[Items from a dataset]
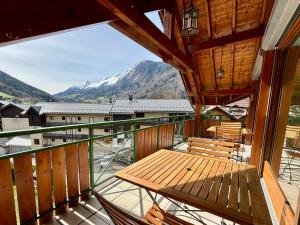 Appartement plein sud - Thônes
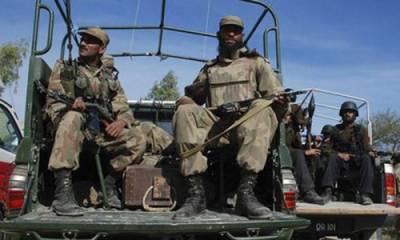 Security forces kill terrorist in South Waziristan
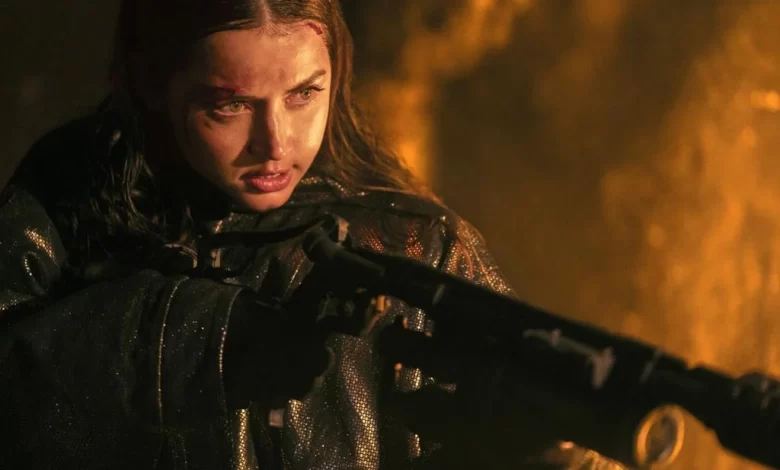 Stardom, Action, Ballerina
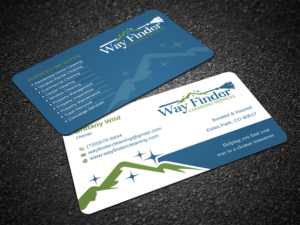 Business Card Design by Pictorial for this project | Design #27477893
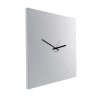 Horloge murale carrée miroir design moderne Narciso Réductions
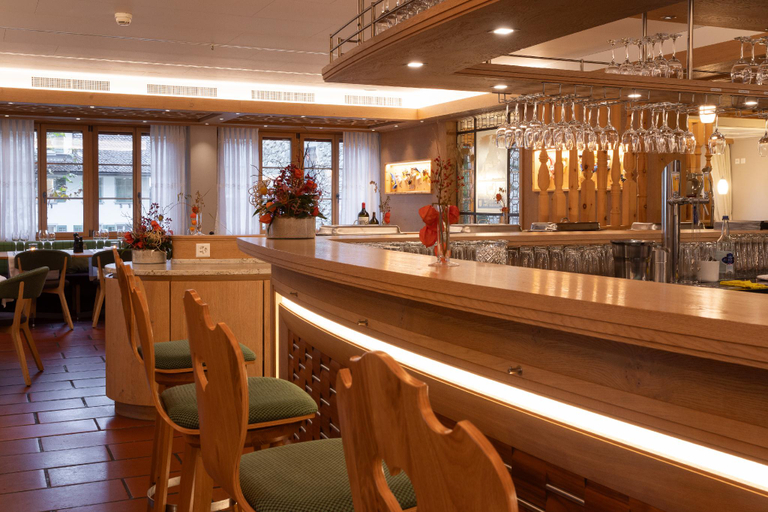 Food & Drinks 4, Wysses Roessli Swiss Quality Hotel, Schwyz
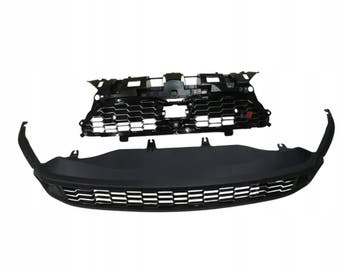 Grill, middenrooster, diffuser voor TOYOTA Yaris Cross GR, Verzenden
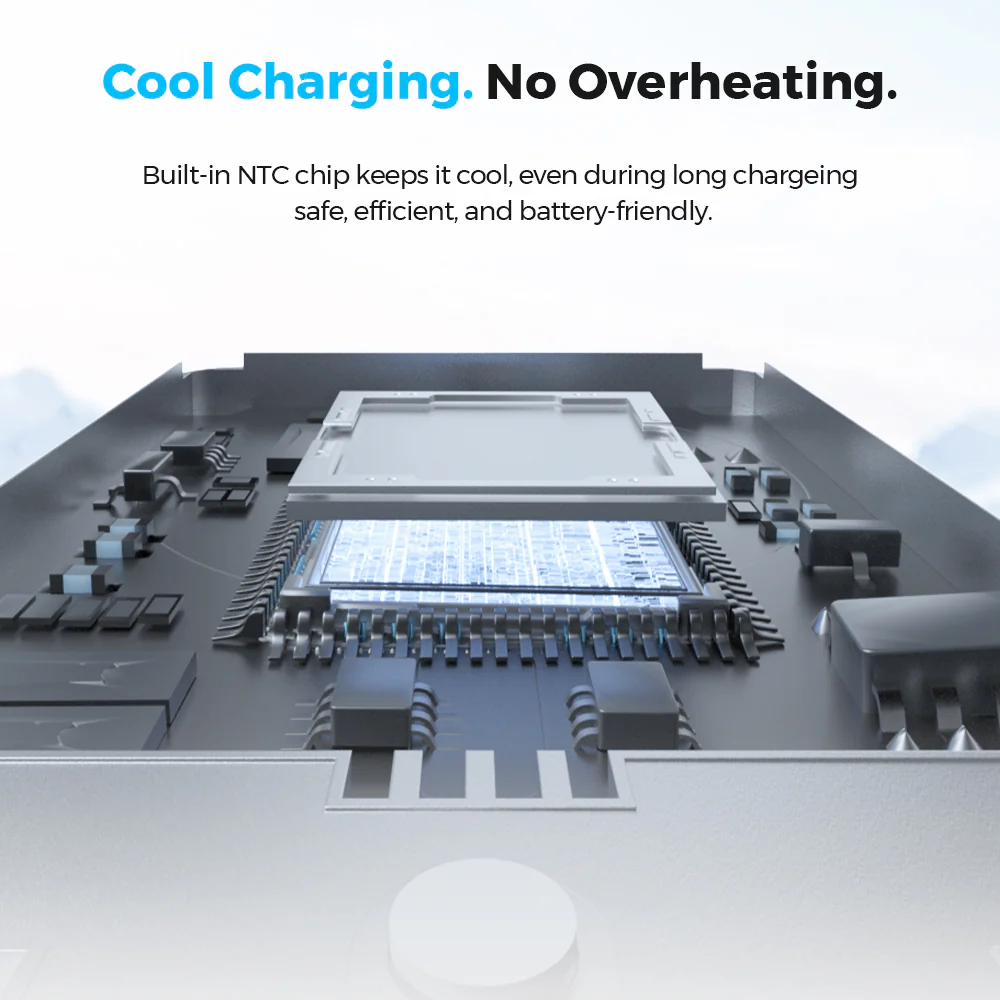 Zero Power Metal 5000- World's Thinnest Power Bank - Image 8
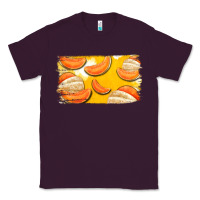 Plum Colorado Cantaloupe Background Classic Tee - Bettercallsaul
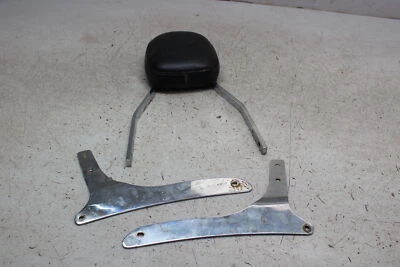 2008 SUZUKI BOULEVARD C90 VL1500 BACK REST SISSY BAR - Image 1 of 4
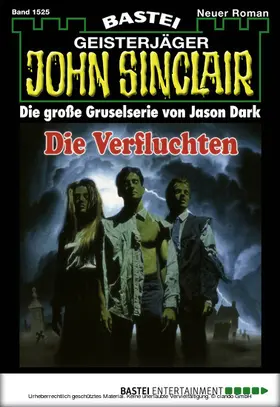 Dark |  John Sinclair - Folge 1525 | eBook | Sack Fachmedien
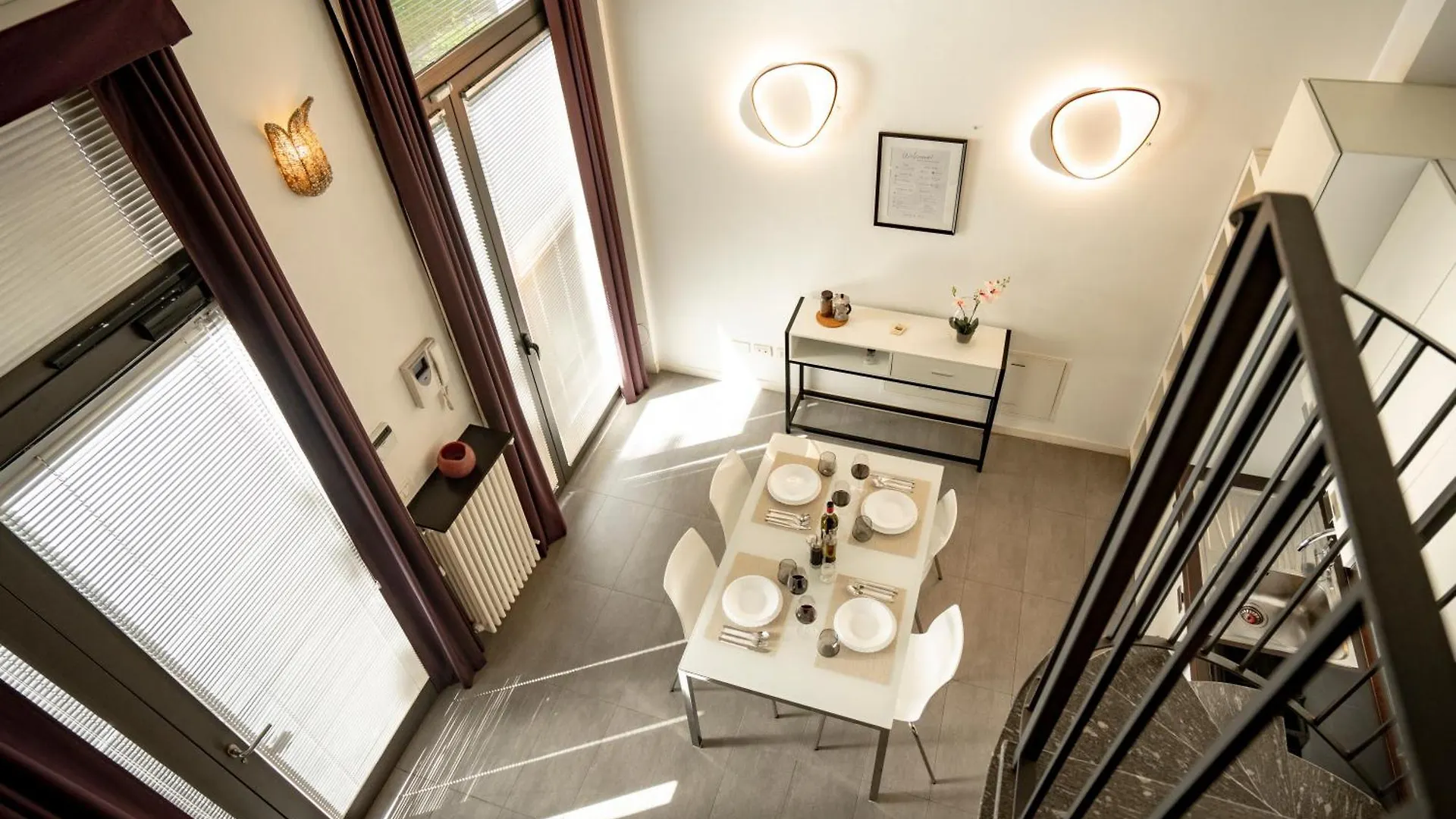 Magolfa Apartment - Loft Con Giardino Ai Navigli Milan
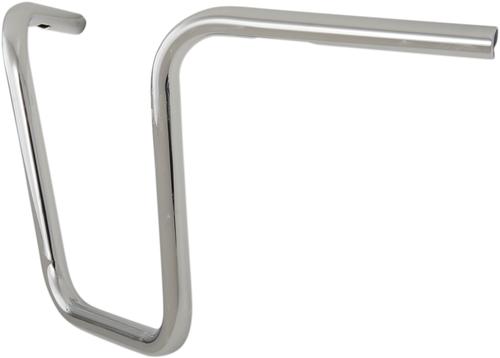 Drag Specialties 1" Handlebar - Narrow Ape - 12" - TBW - Chrome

Task item: The response is to contain exactly the lines from the beginning of the data through the line containing "Food & Drinks", both ends included, and nothing else; omit the pictures.

Answer for the task:
 Appartement plein sud - Thônes
 Security forces kill terrorist in South Waziristan
 Stardom, Action, Ballerina
 Business Card Design by Pictorial for this project | Design #27477893
 Horloge murale carrée miroir design moderne Narciso Réductions
 Food & Drinks 4, Wysses Roessli Swiss Quality Hotel, Schwyz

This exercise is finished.